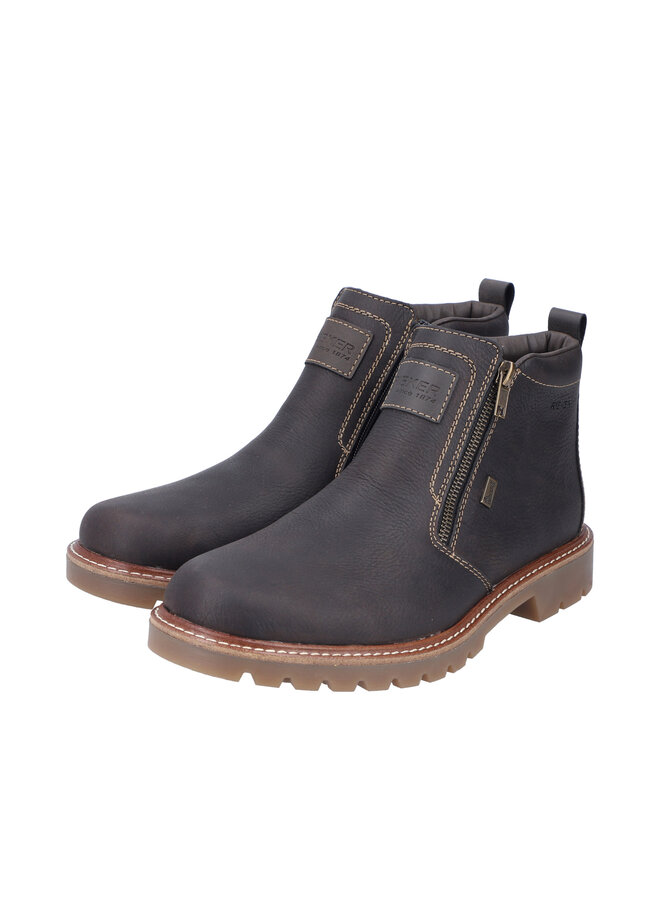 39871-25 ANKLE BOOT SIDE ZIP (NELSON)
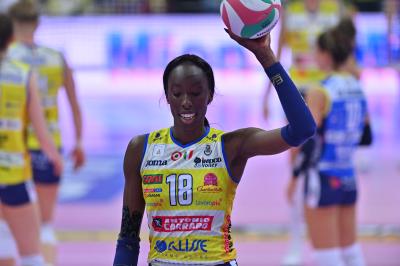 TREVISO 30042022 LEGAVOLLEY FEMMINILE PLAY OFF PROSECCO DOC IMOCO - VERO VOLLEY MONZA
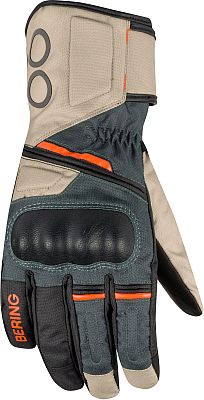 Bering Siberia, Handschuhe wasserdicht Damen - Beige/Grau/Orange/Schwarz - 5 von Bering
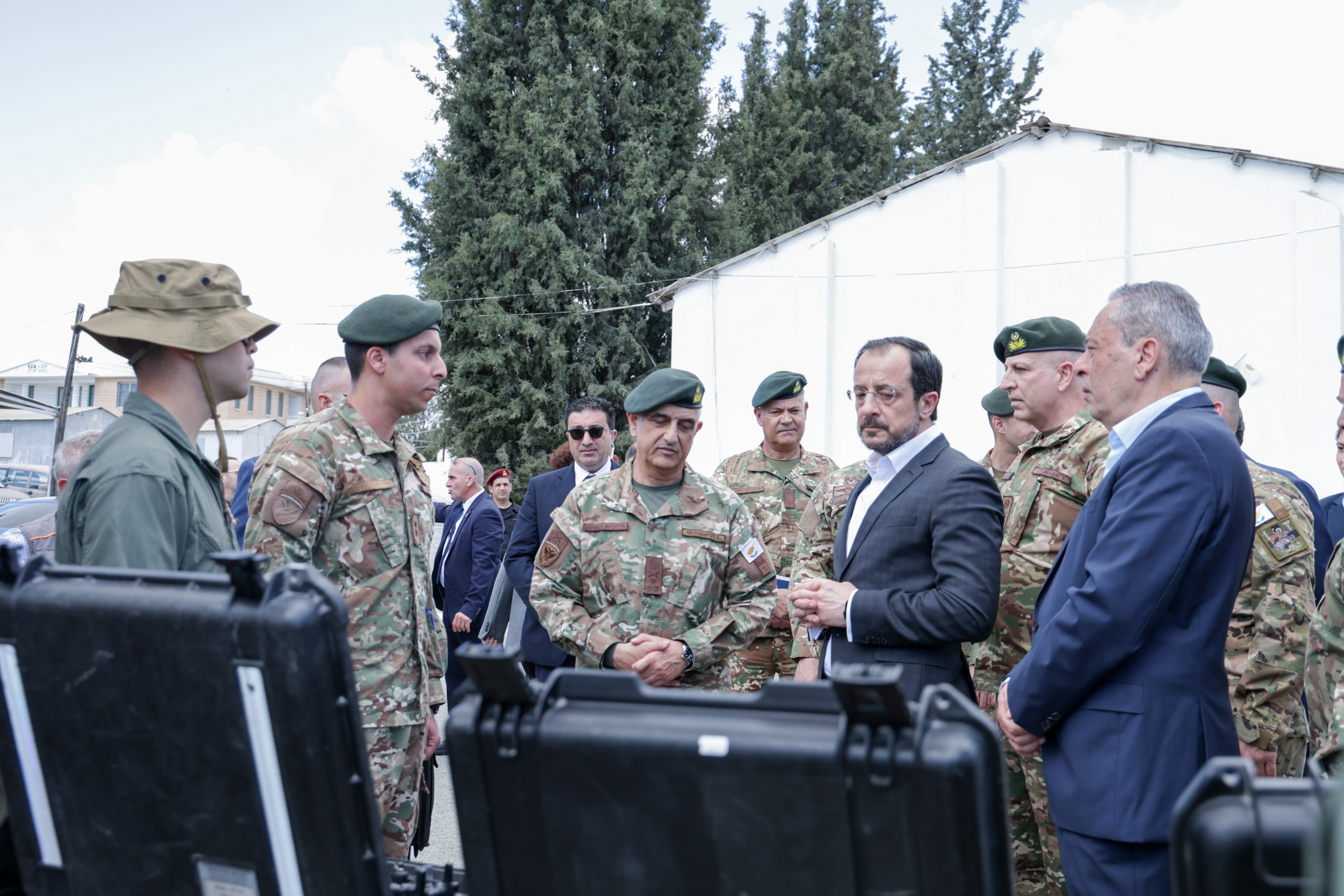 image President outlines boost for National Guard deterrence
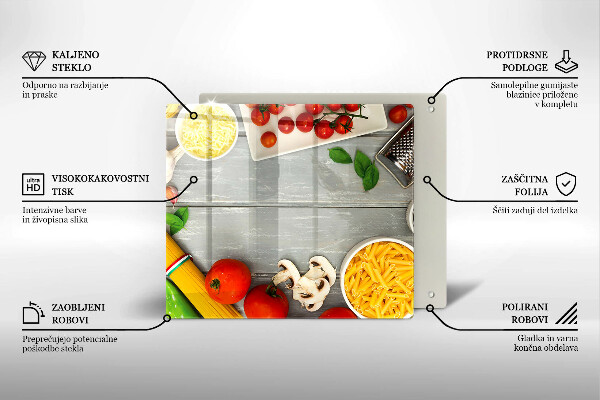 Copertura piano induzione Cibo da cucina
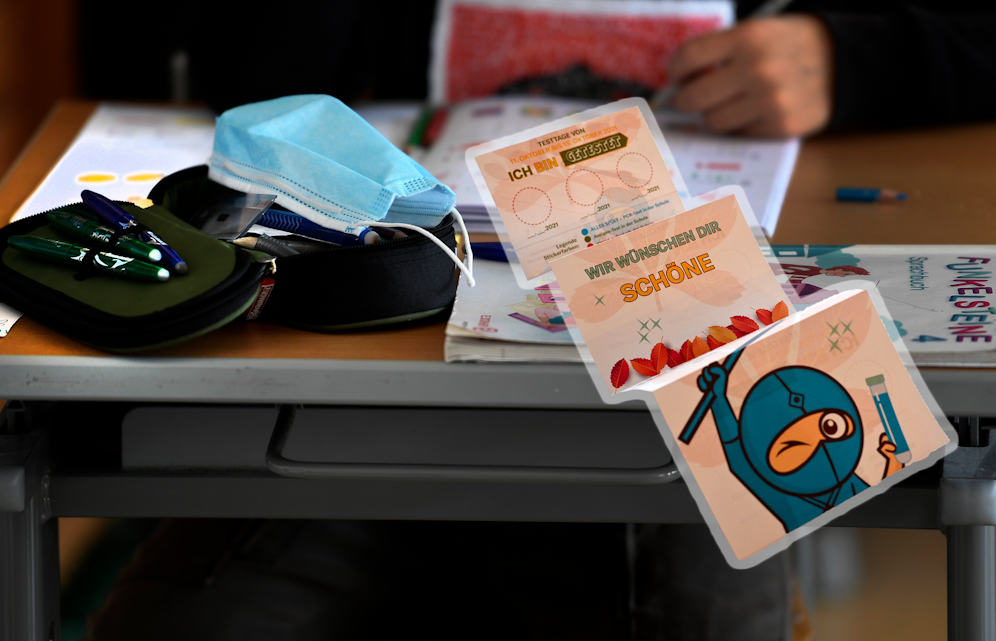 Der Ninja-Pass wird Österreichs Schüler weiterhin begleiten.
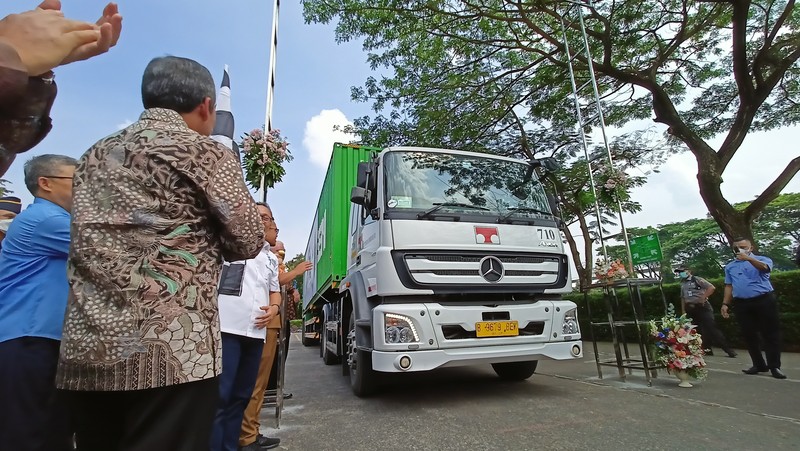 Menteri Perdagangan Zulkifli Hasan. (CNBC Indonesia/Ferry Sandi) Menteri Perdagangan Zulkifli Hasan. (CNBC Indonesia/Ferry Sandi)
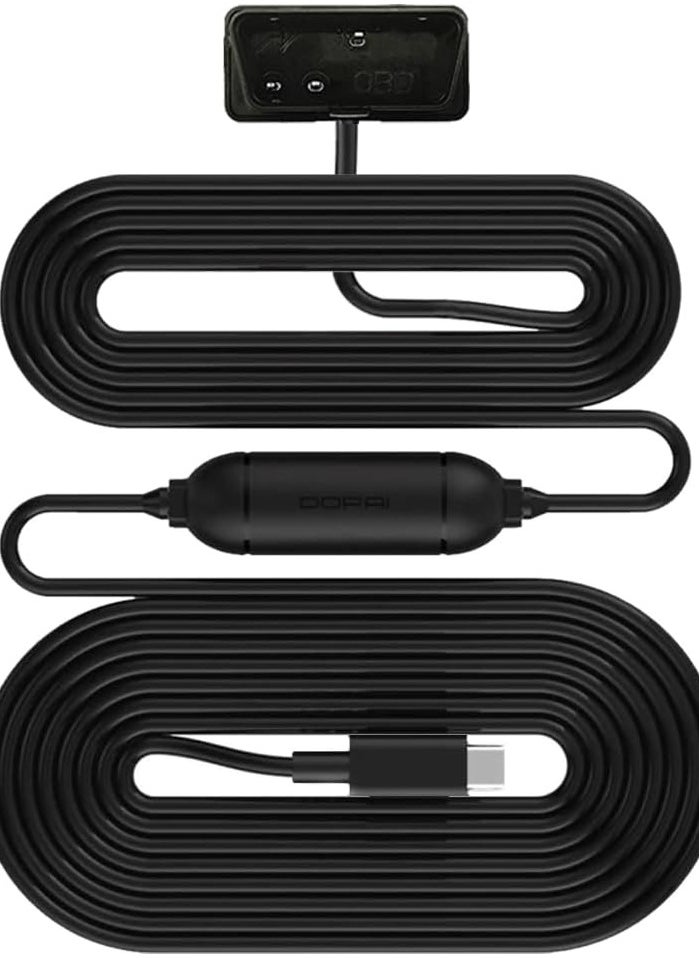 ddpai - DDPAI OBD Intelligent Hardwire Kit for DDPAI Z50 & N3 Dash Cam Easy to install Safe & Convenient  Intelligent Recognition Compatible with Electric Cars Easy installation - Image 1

══════

*Brief:*
Wherever an image appears, omit it; copy the rest of the records exactly.

*Expected output:*
 39871-25 ANKLE BOOT SIDE ZIP (NELSON)
 TREVISO 30042022 LEGAVOLLEY FEMMINILE PLAY OFF PROSECCO DOC IMOCO - VERO VOLLEY MONZA
 Bering Siberia, Handschuhe wasserdicht Damen - Beige/Grau/Orange/Schwarz - 5 von Bering
 image President outlines boost for National Guard deterrence
 Copertura piano induzione Cibo da cucina
 Der Ninja-Pass wird Österreichs Schüler weiterhin begleiten.
 Menteri Perdagangan Zulkifli Hasan. (CNBC Indonesia/Ferry Sandi) Menteri Perdagangan Zulkifli Hasan. (CNBC Indonesia/Ferry Sandi)
 ddpai - DDPAI OBD Intelligent Hardwire Kit for DDPAI Z50 & N3 Dash Cam Easy to install Safe & Convenient  Intelligent Recognition Compatible with Electric Cars Easy installation - Image 1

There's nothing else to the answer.